Mentre scrivo, in strada oltre la mia finestra, ci sono due adolescenti che si baciano appoggiati al muro. Lei è minuta e ben truccata, indossa un giubbotto di jeans smanicato e sulla schiena una toppa dei Clash, pantaloni attillati fucsia e Doc Martins. Lui le regge la testa e le sorride, il cappuccio della felpa nera lascia libero solo un ciuffo di capelli neri. Son lì a darsi dei baci e delle parole dolci. Però sembra una pubblicità, due modellini nemmeno troppo belli. Mi aspetto che ora un fotografo s’intrometta nella cornice e dica loro che “dovreste” provare ad essere più “vetrina”, solo più vetrina.

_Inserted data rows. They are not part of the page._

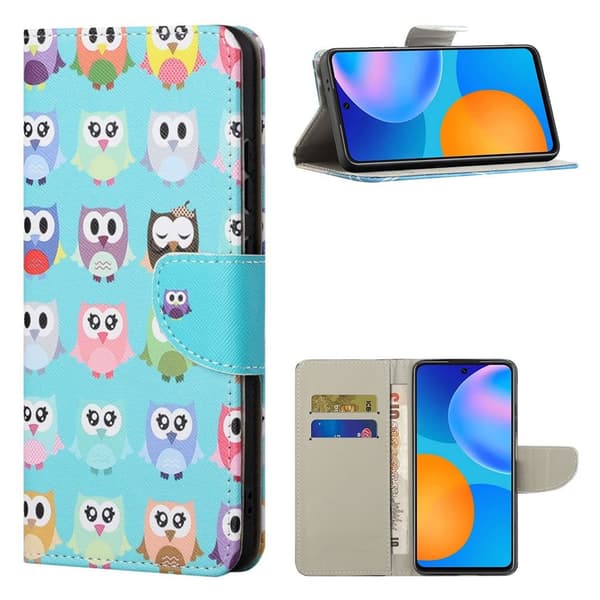 wonderland Samsung Galaxy S21 Plus flip etui - ugler Multicolor
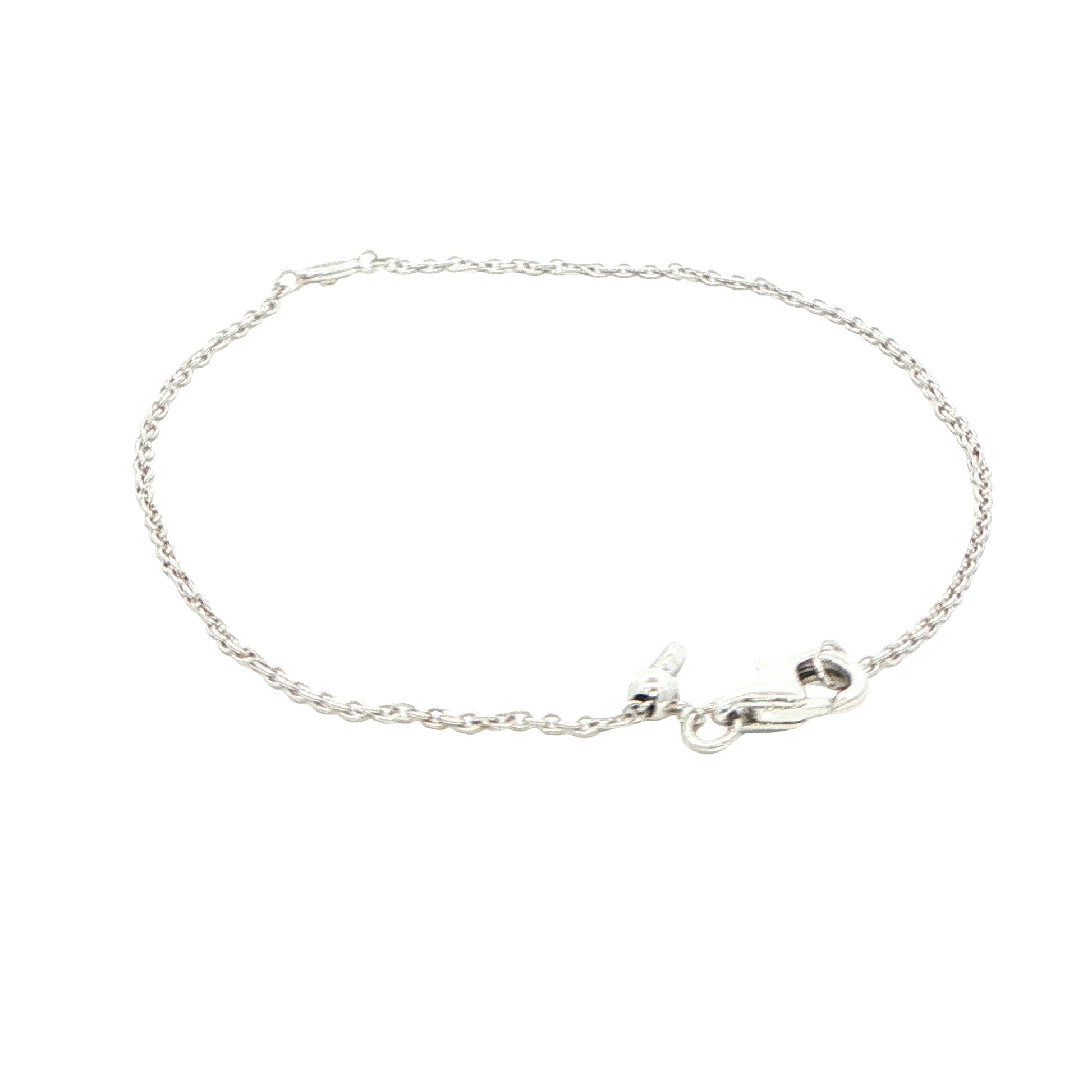 White gold single round brilliant cut diamond bracelet Gardiner Brothers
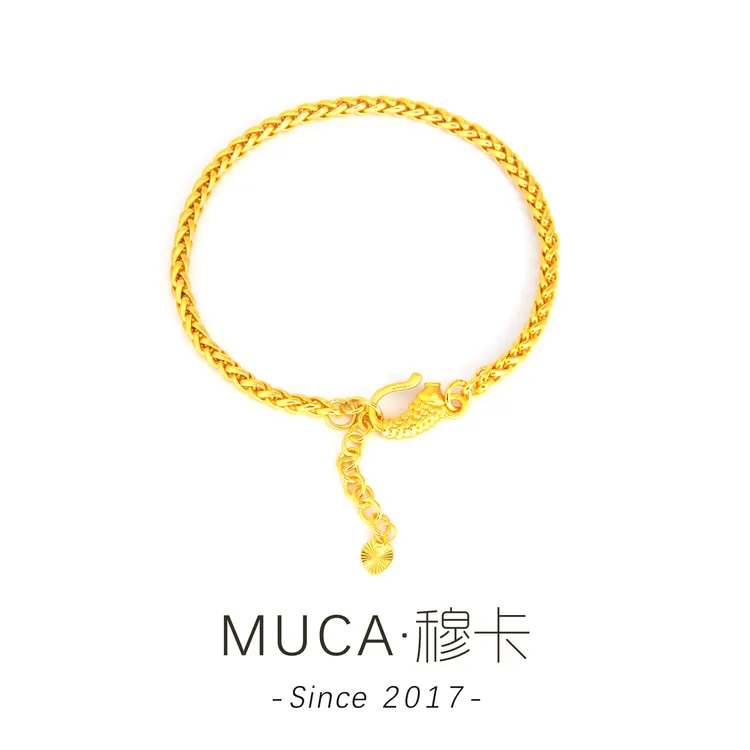 【锦鲤】 镀K金 精致轻奢百搭款高级小锦鲤手链A3539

“Comfort” rispecchia ciò che si sta consumando sul marciapiede davanti alla mia abitazione, è una pubblicità fatta con tutti i crismi, realizzata da qualcuno che è bravo, Maya Jane Coles, ma pur sempre una pubblicità. La venticinquenne anglo-giapponese lavora il suo “vero” debutto come fosse un fai da te: lo autoproduce fondando per l’occasione una sua etichetta, lo compone, lo canta, ci suona tutti gli strumenti da sola e ne disegna anche la copertina. Tutto perfetto, anche perché suona bene e le collaborazioni, alcune da tribuna d’onore (vedi Tricky, Miss Kittin, Kim Ann Foxman), funzionano.
Però.
E’ un disco che vuole essere profondo, ma galleggia in una deep house costruita troppo per il dancefloor; vuole essere dub, però anche r’n’b, vuole far ballare, ma anche con la testa, costringendosi a diventare un lavoro pop camuffato da qualcos’altro. Cosa ti aspettavi? Forse che il ragazzo fuori dalla finestra, voltandosi, riveli una brutta macchia su quella felpa portata con tanta patinata eleganza, oppure che la ragazza “corretta in posa” come un manichino, si sveli in qualche affascinante movimento spontaneo. Mi ripeto, è un buon lavoro, ma è ostentato e come tutte le cose definite tali, finiscono per annoiare. La title track corre bene e sembra farlo sempre più a fondo per poi esplodere senza troppi fronzoli stilistici e tornare alla superficie come un tuffo olimpico visto sottosopra, senza spruzzi. “Burning Bright” mette alla voce Kim Ann Foxman, il ritornello rimane in testa, ma musicalmente è una cosa già sentita da gente che l’ha creata e suonata troppi anni prima. Così anche le collaborazioni con Tricky (“Wait For You”) e Miss Kittin (“Take A Ride”), fatte su misura, come il vestito per il matrimonio.
Il singolo, duettato con la svedese Karin Park, è dark, gotico. E pop. Nota di merito a “Come Home”, l’ultima traccia del disco, quella che, a mio parere, rispecchia ciò che avrebbe dovuto veramente essere l’intento dell’intero album della piccola Coles.